If you want a preview of what the next 18 months of B2B go-to-market look like, veteran SaaS investor Jason Lemkin just provided an incredible blueprint. The headline: Lemkin replaced a 10-person sales team with 1.2 humans (yes, 1.2) and 20 AI agents. Revenue stayed flat.
Look past the shock value. This isn't a sad story about robots coming for your job. It's about the death of the "mediocre middle" in knowledge work, and we all should celebrate that.
For years, we've accepted a bloated model in sales where junior employees burn out doing robotic tasks—qualifying inbound leads, sending generic cold emails, chasing dead opportunities. Most of this work can be broken down into repeatable workflows, discrete steps you can map on a whiteboard. Even the judgment calls like "is this lead worth my time?" can be automated with good reliability if you train the system on your best people's instincts. And AI doesn't get tired, doesn't complain about "trash leads," and works Christmas morning.
But there are things that only human beings do well. AI can help you prospect, triage, and qualify much better than the best SDR.
But it can’t build trust.
This is especially critical for high-ticket, complex deals, where you need a human closer (the "1.0" in his equation). For anything inexpensive, buyers actually prefer the speed of an agent over waiting two days for a "relationship builder" to call them back and ask about the budget.
The most interesting role in this new setup isn't the closer, though. It's the "0.2" called Amelia. She's not a salesperson, she doesn’t even have a sales background. She's a Chief AI Officer, which in practice means a hyper-competent ops lead who spends 10-15 hours a week orchestrating the agents: checking for hallucinations, resolving conflicts between bots, updating training data.
Lemkin’s agent army didn't work out of the box. The first agent started sending customers wrong event dates, and he spent an hour every morning fixing its mistakes. But after training, that same agent closed a $70K sponsorship deal on its own. It took him months to perfect the system, so his learnings are worth considering:
Expect that it won’t work at first. The biggest lie in AI sales is that you can just "turn it on." You can't. Someone needs to review the agent's outputs daily, correcting mistakes until it learns your context. Skip this step and you'll get nothing.
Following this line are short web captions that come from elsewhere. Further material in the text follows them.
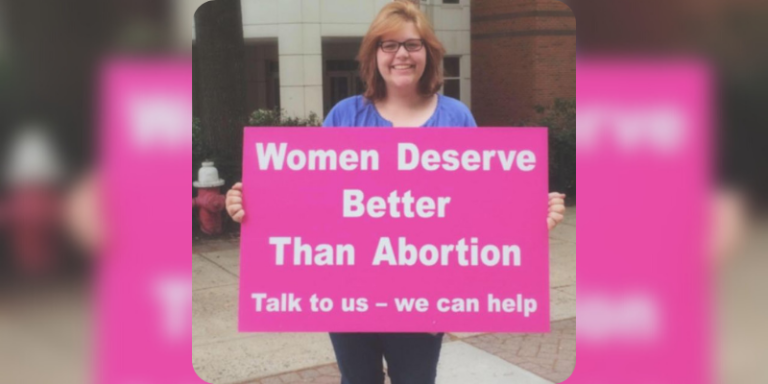 Who Is Lauren Handy? Wiki, Biography, Age, Anti-Abortion Activist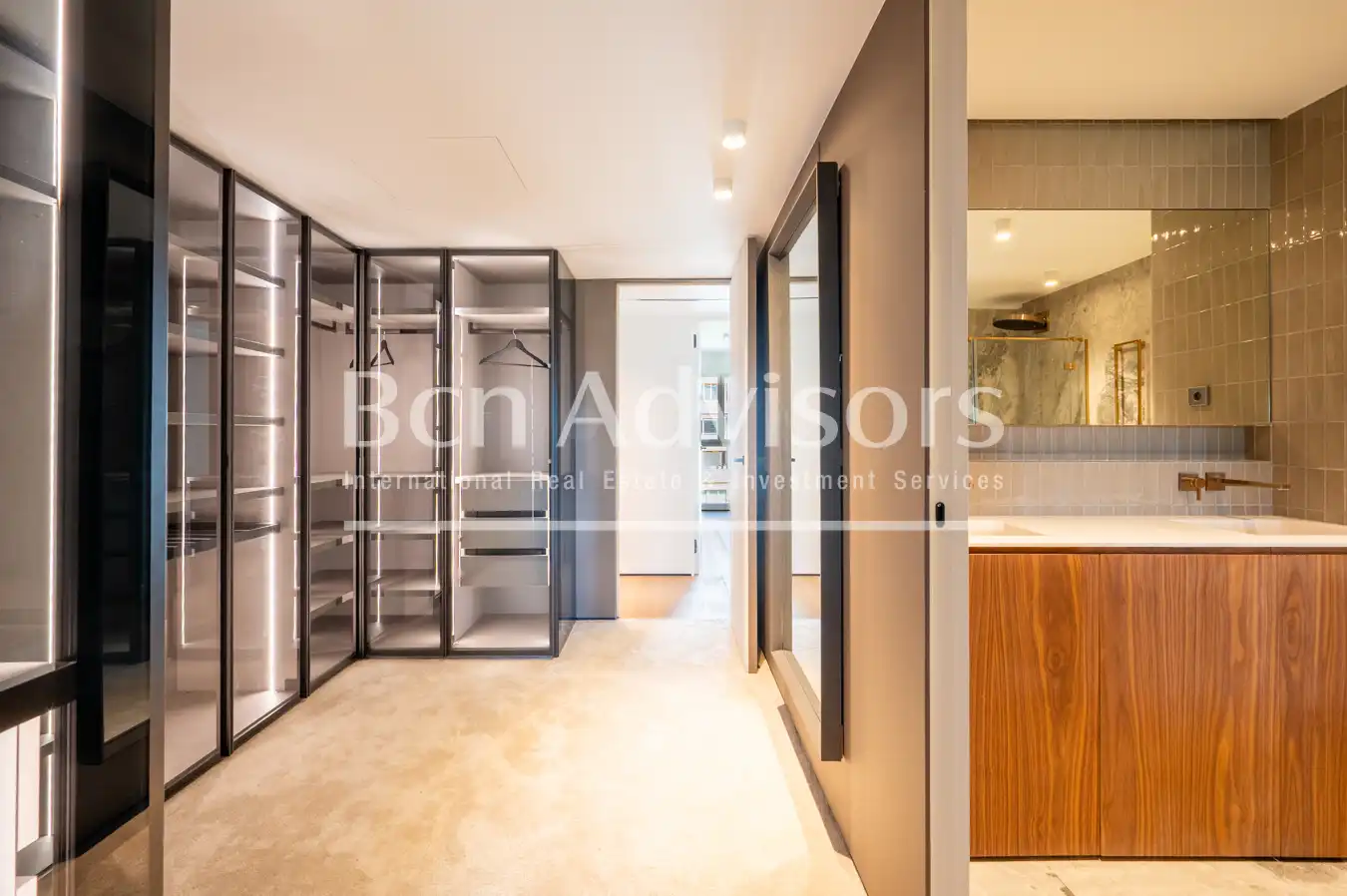 Appartement avec ascenseur à vendre à Jardí de Tòquio, imagen 30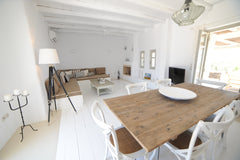 The property is located in one of the best regions in Paros, Mikri Santa Maria,  Attica, Greece Casa Vento - Maisonette near Santa Maria beach Cycladic home vacation rental 30550063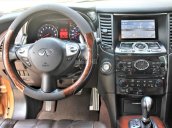 Bán Infiniti QX70 đời 2011, nhập khẩu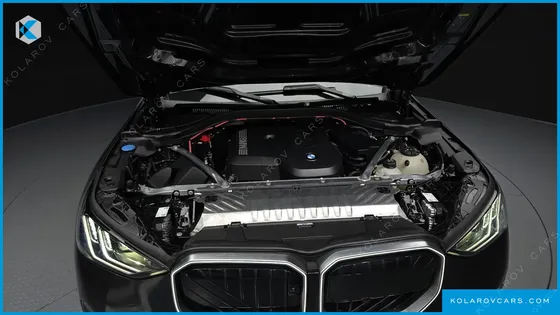 BMW X3 XDRIVE 20 M SPORT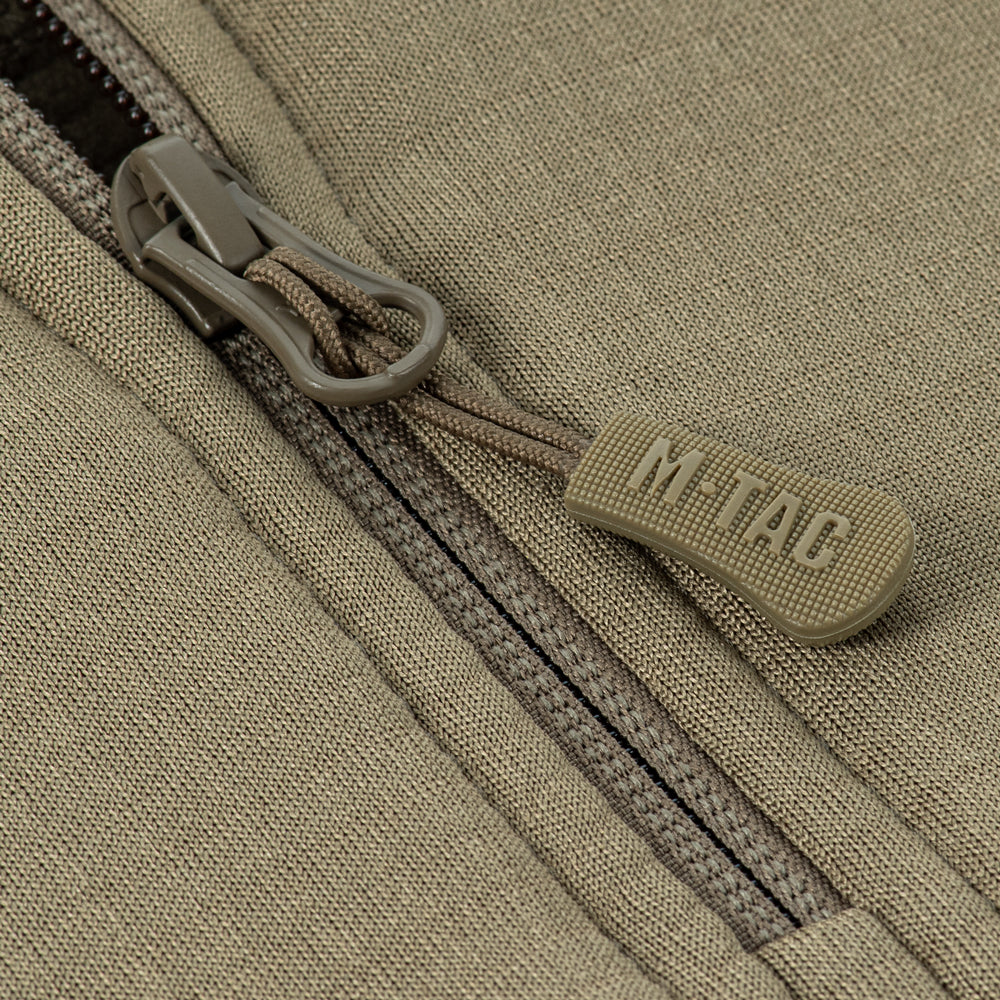 M-Tac Thermal Shirt Fleece Delta Level 2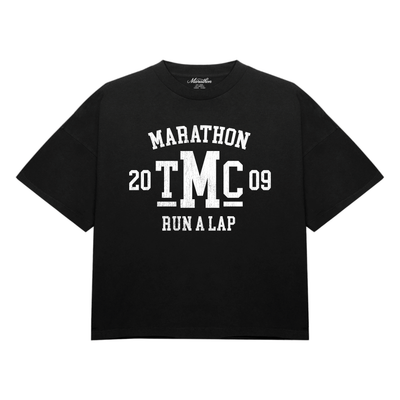 09’ TMC T-Shirt - Black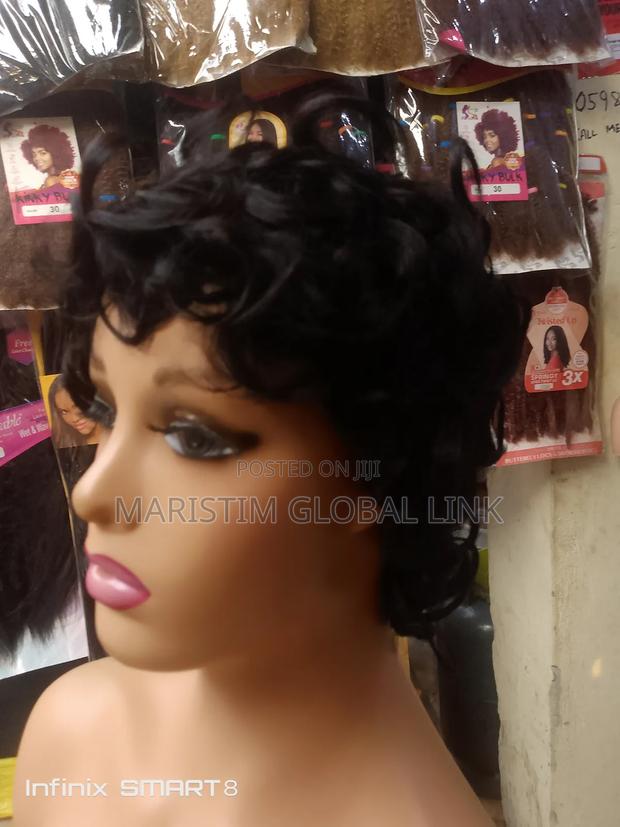 Sx-520 Color 33# 100% Human Hair photo 4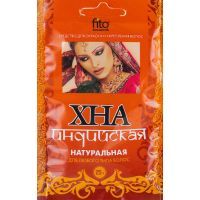 Хна Fito Косметик Индийская натуральная 25 г (4607051792715)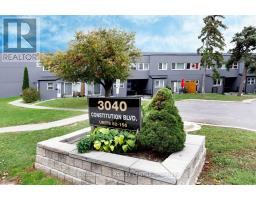 103 - 3040 CONSTITUTION BOULEVARD, Mississauga, Ontario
Don't build, buy. Unless you're an engineering-first company, your internal tool will be obsolete in three months. Buy established tools that come with "Forward Deployed Engineers"—vendor staff who ensure the agent actually works before you pay.
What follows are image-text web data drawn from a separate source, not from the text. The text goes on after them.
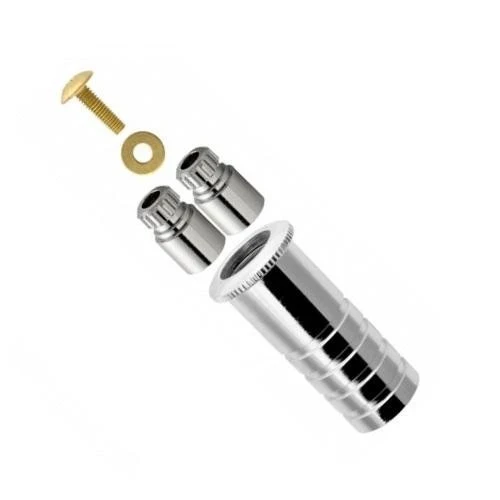 Kit Prolongador Reg Deca 20mm Blukit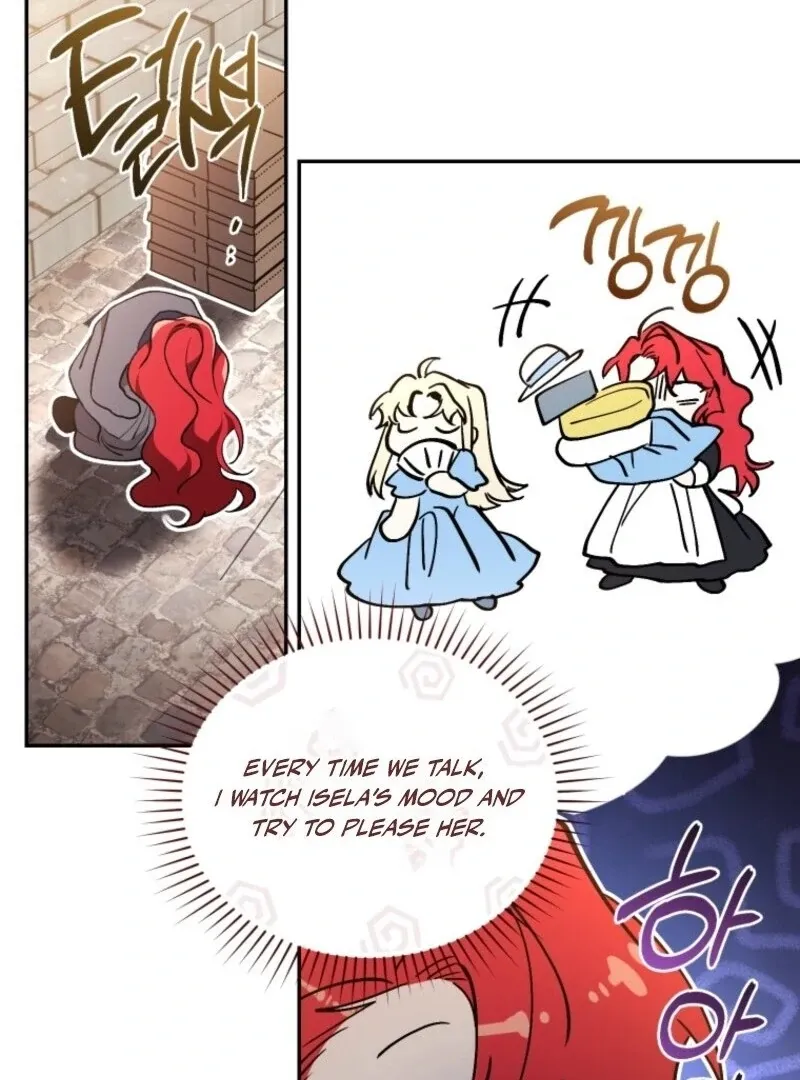 Resetting Lady Chapter 118 page 99 - 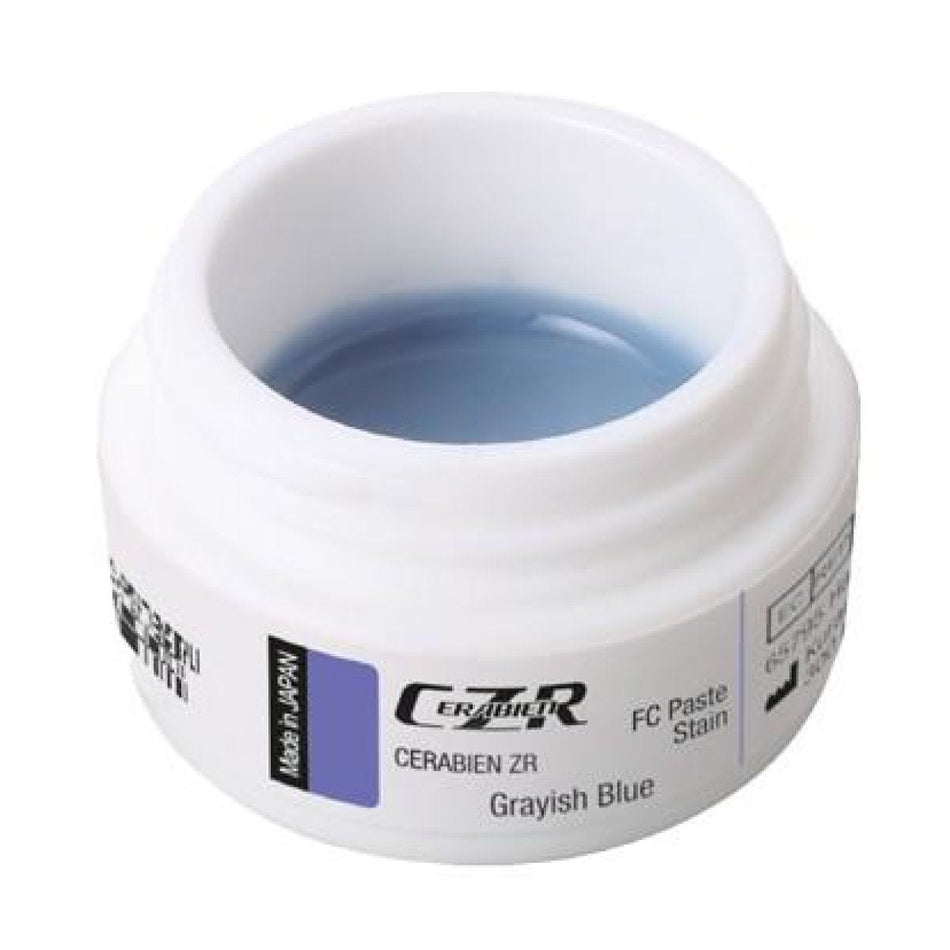 Cerabien ZR FC Paste Stain value, 3 g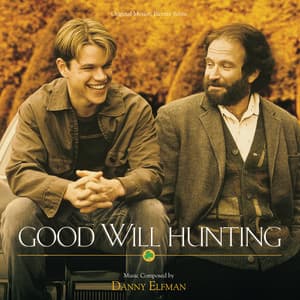 Good Will Hunting - Danny Elfman
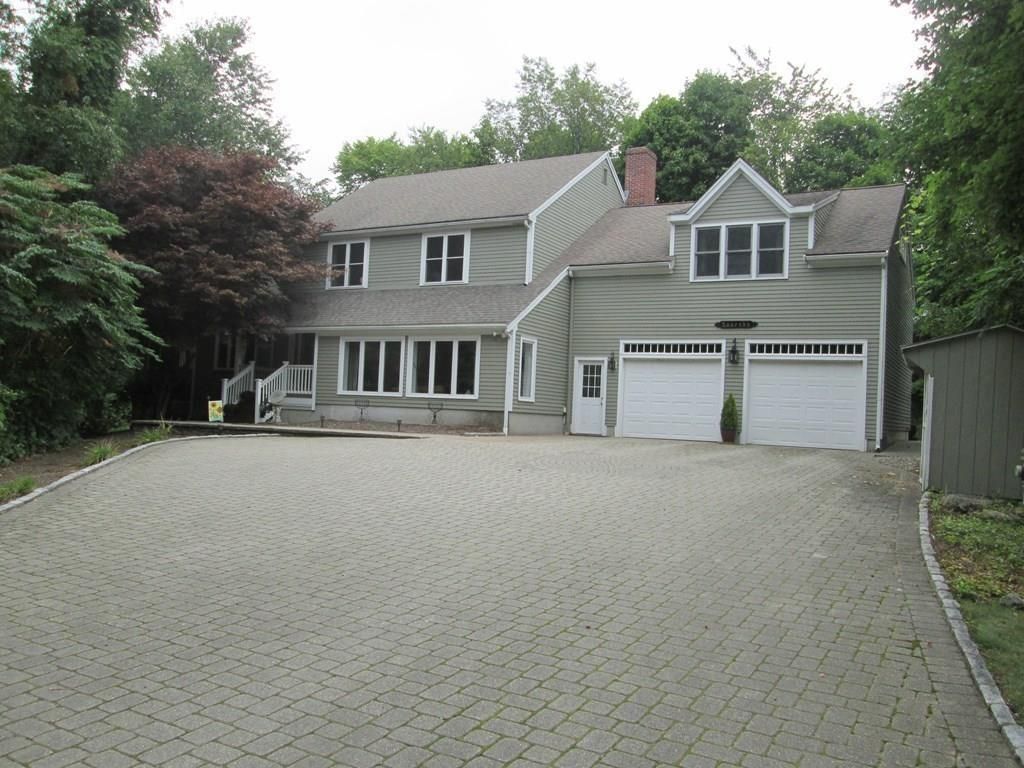 42 Hayward St, Braintree, MA 02184 Trulia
Start with the trash. Don't put an untrained agent on your VIP leads. Deploy it on the leads your team ignores: small accounts, ancient opportunities, "Contact Us" spam. Lemkin's agents hit a 70% response rate on "dead" leads humans deemed worthless. Found money, zero risk.
Train on your best, not your average. Upload your top rep's emails, scripts, objection handling. The agent becomes a scalable copy of your best performer. Feed it mediocre inputs, get mediocre outputs at scale.
Your orchestrator is an ops lead, not a salesperson. The Amelia role requires someone who loves data and understands logic flows—not a traditional sales manager. If you hire a "people person" for this job, they'll try to motivate the software instead of debugging it (which is a fascinating insight).
Most people will focus on the headcount reduction. That's fair—it's real and it matters. But let's be honest: no one loved the mediocre middle. Not the people stuck doing it, not the managers overseeing it. We kept these roles because we had no better option. Now we do.